6. A tragédia da barragem da Samarco deixa cla­ro que é necessária mais fiscalização e controle sobre a mineração. Os trabalhadores têm que ter condição de fiscalizar as obras e operações das grandes mineradoras. É necessário que os trabalhadores possam eleger agentes de saúde e segurança, no número de um para cada cinquenta trabalhadores. Uma comissão des­te tipo se somaria à Comissão Interna de Prevenção de Acidentes na Mineração (CIPAMIN) com o objetivo de proteger a vida e a segurança dos trabalhadores.

7. As comunidades afetadas pelas grandes minera­doras têm que ser consultadas e envolvidas no processo de concessão, manutenção e operação dos grandes projetos minerários. Precisam ter o direito de opinar, ter garantias sobre a própria segurança e a de seus meios de vida.

8. A preservação do meio ambiente, dos parques na­cionais, do solo, dos grandes mananciais e reser­vas d’água, num momento em que muitos destes recursos estão sendo degradados, deve ser um elemento de equilíbrio entre a necessidade real de minerar e os danos que este empreendimento causa ou pode causar.

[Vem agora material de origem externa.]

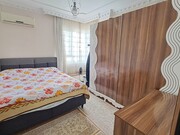 Продажа квартиры 3+1 7 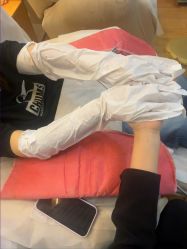 -鲸彩·美甲美睫科技护肤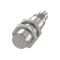 BALLUFF BES02Z7 INDUCTIVE FULL-METAL SENSOR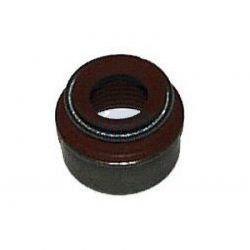 JOINT DE QUEUE DE SOUPAPE 7MM T4 1/1996-6/2003 1900CC TURBO DIESEL ET 2000CC ESSENCE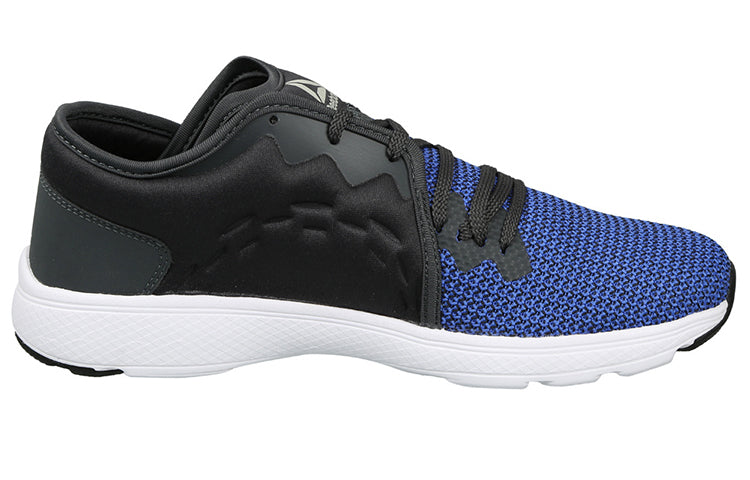 Reebok Astroride Walk Lp 'Blue Black' DV4965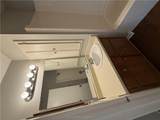 918 Spring Loop - Photo 9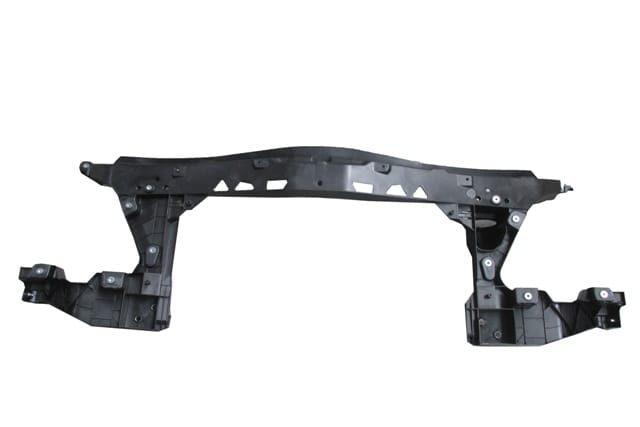 Mercedes Sprınter Ön Panel Komple (2013-2018)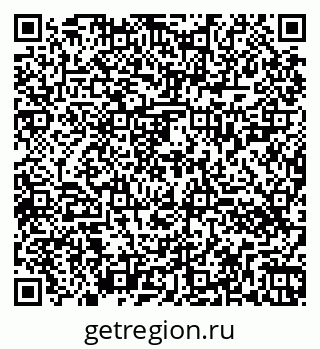 79260426835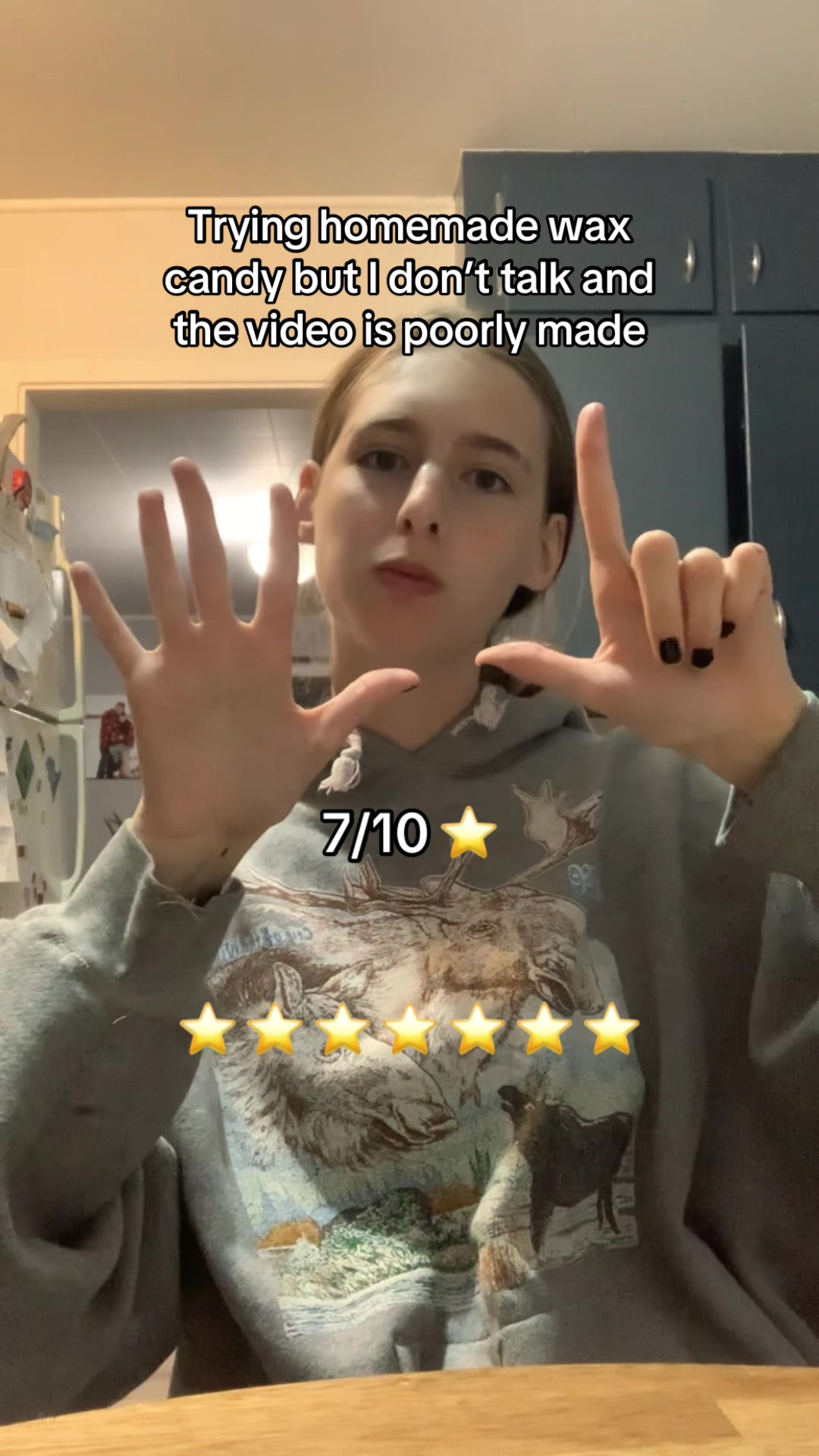 @🌙Maladaption🌌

9. A privatização das mineradoras no Brasil, em es­pecial da Vale e da Companhia Siderúrgica Na­cional (CSN), foi um roubo. A privatização signi­ficou um aumento de doenças, demissões, diminuição de salário, desrespeito às comunidades atingidas, destruição do meio ambiente, acidentes e mortes. Tudo isso para ga­rantir o lucro de meia dúzia de acionistas. Só a reestati­zação das empresas mineradoras, sob o controle dos tra­balhadores e com a garantia das comunidades opinar ­sobre seu funcionamento, poderá reverter este processo.

 Jornal Opinião Socialista nº 508, 12 a 25 de novembro de 2015.